[Short web captions]
►
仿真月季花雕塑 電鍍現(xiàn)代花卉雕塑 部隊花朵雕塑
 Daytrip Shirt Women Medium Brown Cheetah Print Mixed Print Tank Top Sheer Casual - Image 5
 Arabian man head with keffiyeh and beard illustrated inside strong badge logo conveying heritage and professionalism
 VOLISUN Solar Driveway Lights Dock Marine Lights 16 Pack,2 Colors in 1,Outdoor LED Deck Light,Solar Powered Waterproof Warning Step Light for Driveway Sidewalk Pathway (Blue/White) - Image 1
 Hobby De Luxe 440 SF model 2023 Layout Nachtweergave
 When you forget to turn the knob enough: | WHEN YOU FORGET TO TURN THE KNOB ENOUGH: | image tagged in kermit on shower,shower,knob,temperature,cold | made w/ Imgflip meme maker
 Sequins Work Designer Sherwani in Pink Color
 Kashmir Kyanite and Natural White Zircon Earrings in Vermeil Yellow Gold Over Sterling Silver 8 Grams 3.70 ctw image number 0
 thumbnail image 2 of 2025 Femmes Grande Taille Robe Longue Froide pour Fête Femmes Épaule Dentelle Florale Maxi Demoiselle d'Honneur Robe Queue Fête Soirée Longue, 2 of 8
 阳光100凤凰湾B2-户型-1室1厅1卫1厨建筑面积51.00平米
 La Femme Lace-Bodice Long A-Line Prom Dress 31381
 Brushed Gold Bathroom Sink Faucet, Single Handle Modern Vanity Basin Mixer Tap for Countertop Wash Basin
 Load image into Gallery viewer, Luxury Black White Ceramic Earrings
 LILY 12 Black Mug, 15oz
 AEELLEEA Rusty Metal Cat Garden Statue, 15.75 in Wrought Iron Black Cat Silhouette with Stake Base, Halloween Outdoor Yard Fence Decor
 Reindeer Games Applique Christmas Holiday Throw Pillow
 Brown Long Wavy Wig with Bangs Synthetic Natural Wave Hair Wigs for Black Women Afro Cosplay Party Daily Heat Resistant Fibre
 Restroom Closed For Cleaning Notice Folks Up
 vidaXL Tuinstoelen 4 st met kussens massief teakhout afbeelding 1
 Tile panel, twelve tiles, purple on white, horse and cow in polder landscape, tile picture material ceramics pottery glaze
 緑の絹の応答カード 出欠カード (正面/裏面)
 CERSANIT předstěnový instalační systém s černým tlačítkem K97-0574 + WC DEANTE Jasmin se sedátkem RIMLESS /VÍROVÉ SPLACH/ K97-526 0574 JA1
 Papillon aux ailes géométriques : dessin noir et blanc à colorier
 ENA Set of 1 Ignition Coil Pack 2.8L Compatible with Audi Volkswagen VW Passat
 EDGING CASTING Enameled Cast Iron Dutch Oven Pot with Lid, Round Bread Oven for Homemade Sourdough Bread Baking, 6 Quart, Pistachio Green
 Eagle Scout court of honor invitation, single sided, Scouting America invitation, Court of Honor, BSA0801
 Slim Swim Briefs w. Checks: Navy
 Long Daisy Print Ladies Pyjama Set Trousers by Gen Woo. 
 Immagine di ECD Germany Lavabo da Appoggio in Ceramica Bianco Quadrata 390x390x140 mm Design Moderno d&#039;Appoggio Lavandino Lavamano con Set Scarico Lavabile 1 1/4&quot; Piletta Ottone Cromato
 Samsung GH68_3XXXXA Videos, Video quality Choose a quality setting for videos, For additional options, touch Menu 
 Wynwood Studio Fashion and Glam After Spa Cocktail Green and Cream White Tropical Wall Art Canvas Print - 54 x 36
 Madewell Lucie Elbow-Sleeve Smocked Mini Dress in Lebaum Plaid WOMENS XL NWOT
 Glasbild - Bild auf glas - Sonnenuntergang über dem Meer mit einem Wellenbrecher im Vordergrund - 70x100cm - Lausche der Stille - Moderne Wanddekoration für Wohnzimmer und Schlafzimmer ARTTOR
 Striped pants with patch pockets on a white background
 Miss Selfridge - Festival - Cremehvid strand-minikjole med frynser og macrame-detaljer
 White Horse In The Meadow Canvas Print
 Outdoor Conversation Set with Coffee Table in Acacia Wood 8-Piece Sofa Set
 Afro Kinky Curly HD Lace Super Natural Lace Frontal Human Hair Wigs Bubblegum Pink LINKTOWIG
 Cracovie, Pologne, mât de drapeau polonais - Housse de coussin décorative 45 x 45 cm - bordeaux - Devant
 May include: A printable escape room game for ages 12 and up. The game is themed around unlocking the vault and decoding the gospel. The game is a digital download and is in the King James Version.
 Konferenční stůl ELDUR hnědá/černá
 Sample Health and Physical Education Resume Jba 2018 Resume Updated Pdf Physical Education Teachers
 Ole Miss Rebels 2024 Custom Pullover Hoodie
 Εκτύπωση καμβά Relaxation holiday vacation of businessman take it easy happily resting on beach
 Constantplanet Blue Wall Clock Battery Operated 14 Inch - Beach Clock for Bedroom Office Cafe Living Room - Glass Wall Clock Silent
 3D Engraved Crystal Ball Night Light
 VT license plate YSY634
◄
ASSIGNMENT
Every line above that contains the word "Outdoor" should be reported.

ANSWER BOX
 VOLISUN Solar Driveway Lights Dock Marine Lights 16 Pack,2 Colors in 1,Outdoor LED Deck Light,Solar Powered Waterproof Warning Step Light for Driveway Sidewalk Pathway (Blue/White) - Image 1
 AEELLEEA Rusty Metal Cat Garden Statue, 15.75 in Wrought Iron Black Cat Silhouette with Stake Base, Halloween Outdoor Yard Fence Decor
 Outdoor Conversation Set with Coffee Table in Acacia Wood 8-Piece Sofa Set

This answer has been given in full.